The Technical Restrictions market also puts some generators at risk of losing money—generators instructed to reduce their power output in the Day-Ahead phase of the market are not compensated. These instructions are on the rise as intermittent renewable generation capacity increases: non-compensated curtailment in Spain rose to 715 GWh in 2022 from 67 GWh in 2021. Volumes are not evenly spread—more power is curtailed in regions with high renewable generation capacity compared to electricity demand, and insufficient local transmission capacity to transport the excess power to consumers in other regions. A 50 MW solar photovoltaic power plant located in Soria, where low population density results in available power supply frequently exceeding regional demand, would have lost 1.5mn €, or roughly 9% of its total gross margins, in January–October 2022 due to curtailment, Aurora’s modelling shows.
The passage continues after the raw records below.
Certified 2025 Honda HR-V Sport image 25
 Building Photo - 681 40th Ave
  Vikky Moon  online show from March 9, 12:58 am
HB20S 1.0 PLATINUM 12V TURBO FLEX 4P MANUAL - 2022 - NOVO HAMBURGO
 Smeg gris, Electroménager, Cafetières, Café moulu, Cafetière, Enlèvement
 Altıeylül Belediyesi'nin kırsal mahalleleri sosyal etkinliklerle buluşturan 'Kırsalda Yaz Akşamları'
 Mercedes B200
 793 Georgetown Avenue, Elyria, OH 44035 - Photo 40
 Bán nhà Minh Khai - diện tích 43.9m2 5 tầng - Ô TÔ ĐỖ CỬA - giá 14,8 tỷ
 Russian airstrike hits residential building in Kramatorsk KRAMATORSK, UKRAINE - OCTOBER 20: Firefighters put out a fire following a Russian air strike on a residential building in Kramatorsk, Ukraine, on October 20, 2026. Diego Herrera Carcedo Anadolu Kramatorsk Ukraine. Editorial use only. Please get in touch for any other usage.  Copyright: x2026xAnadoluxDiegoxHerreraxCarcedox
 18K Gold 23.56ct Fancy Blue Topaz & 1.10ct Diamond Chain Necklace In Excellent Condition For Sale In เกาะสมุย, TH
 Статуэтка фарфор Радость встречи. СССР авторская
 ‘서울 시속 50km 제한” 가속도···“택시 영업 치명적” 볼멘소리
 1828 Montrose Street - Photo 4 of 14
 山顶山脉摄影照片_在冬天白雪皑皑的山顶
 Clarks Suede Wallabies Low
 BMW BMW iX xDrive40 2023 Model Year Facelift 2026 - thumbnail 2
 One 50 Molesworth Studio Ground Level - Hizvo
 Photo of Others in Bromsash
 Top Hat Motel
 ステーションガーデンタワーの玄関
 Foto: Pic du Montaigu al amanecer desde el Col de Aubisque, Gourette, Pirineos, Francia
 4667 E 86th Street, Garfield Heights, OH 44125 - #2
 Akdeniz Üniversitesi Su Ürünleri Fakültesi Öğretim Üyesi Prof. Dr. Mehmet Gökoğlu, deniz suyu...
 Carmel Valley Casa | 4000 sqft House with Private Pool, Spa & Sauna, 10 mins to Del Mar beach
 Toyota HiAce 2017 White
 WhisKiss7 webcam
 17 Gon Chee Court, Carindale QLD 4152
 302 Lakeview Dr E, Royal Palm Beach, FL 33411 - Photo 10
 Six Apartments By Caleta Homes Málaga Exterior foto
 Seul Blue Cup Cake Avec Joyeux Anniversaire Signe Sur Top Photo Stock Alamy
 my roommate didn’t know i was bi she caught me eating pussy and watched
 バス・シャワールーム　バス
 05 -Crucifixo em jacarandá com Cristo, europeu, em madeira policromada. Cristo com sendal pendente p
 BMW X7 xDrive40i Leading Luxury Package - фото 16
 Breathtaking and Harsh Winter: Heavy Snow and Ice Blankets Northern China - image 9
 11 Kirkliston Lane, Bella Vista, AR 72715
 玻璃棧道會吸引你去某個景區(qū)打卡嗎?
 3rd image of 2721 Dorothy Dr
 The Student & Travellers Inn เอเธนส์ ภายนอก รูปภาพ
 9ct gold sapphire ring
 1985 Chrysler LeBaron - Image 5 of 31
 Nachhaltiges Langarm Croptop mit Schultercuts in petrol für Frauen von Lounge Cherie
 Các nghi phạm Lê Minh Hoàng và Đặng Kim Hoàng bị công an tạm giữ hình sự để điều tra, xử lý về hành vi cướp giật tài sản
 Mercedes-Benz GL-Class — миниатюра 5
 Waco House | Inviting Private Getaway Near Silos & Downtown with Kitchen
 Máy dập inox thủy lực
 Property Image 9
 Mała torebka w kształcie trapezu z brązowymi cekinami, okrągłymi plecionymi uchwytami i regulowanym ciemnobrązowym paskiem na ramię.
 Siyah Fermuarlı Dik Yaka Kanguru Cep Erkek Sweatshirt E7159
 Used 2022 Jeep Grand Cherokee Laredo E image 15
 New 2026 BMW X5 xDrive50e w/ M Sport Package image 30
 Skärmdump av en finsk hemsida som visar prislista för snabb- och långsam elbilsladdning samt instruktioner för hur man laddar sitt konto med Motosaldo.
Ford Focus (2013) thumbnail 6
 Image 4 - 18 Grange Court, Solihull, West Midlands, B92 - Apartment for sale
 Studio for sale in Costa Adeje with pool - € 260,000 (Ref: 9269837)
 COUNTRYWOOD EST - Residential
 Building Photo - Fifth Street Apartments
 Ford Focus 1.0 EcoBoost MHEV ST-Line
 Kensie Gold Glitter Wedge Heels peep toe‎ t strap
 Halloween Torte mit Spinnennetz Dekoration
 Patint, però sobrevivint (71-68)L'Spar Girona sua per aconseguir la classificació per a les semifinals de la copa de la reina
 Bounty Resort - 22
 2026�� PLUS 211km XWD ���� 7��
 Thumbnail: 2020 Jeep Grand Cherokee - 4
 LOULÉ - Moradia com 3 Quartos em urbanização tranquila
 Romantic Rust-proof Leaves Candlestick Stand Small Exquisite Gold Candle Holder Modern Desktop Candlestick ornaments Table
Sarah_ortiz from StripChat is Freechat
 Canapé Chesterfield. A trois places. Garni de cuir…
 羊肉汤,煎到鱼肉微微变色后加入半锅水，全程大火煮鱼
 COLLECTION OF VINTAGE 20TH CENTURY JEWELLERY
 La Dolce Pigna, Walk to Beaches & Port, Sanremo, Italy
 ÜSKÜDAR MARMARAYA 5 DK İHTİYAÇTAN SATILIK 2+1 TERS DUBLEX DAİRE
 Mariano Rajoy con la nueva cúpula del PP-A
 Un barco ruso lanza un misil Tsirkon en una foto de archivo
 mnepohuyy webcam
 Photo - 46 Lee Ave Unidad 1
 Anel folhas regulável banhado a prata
Grid constraints will increase until they form a central part of the planning processes for renewable power projects and transmission infrastructure investments. REE’s current investment plan foresees 16.6 GW of renewable installations by 2026, far below Spain’s pipeline capacity—as of 25 January 2023, planned renewable power projects totalling over 60 GW had received Environmental Impact Assessments. Installations not accounted for by REE would place additional strain on the grid. Once the firm’s investment plans better reflect Spain’s pipeline, REE can further ease potential pressure on the grid by considering current and anticipated constraints when granting access. Renewable project developers should also consider potential constraints in their planning—locating projects far from areas of high power demand would cause local grid constraints to worsen.

Ana Barillas, Head of Iberia, Aurora Energy Research, commented:

“Grid constraints pose a serious risk to Spain’s renewables sector. Without planning and investment to ease constraints, curtailment will rise, threatening prospective developers’ and investors’ returns and potentially preventing projects from securing capital. Energy storage systems could offer a critical short-term solution, storing power that would otherwise be curtailed during periods when local transmission assets are constrained, but large long-term grid investments will be required for the system to be able to effectively integrate renewables.”

Alexandre Danthine, Research Lead, Iberia, Aurora Energy Research, commented:

“While investments in grid infrastructure are needed to accommodate the influx of renewables into the system, the design of the market used to solve congestion issues needs to be scrutinized as well. The Technical Restrictions market is a locational pay-as-bid market. This creates a barrier to entry that limits competition, enabling a few power plants to bid as high as 80,000 €/MWh in some hours, despite the high costs for consumers.”

Christina Rentell, Senior Research Associate, Iberia, Aurora Energy Research, commented:

“As installed renewable generation capacity increases and grid constraints worsen, the Technical Restrictions market will continue to grow. Evolution will depend on both fundamental and policy-driven factors, such as power demand growth, increasing market participation from flexible assets such as batteries or electrolysers, and the result of the ongoing review of the relevant Operating Procedures. In any case, we do not expect curtailment to be remunerated in the future, meaning renewables developers will need to evaluate the impact of curtailment losses on their business cases.”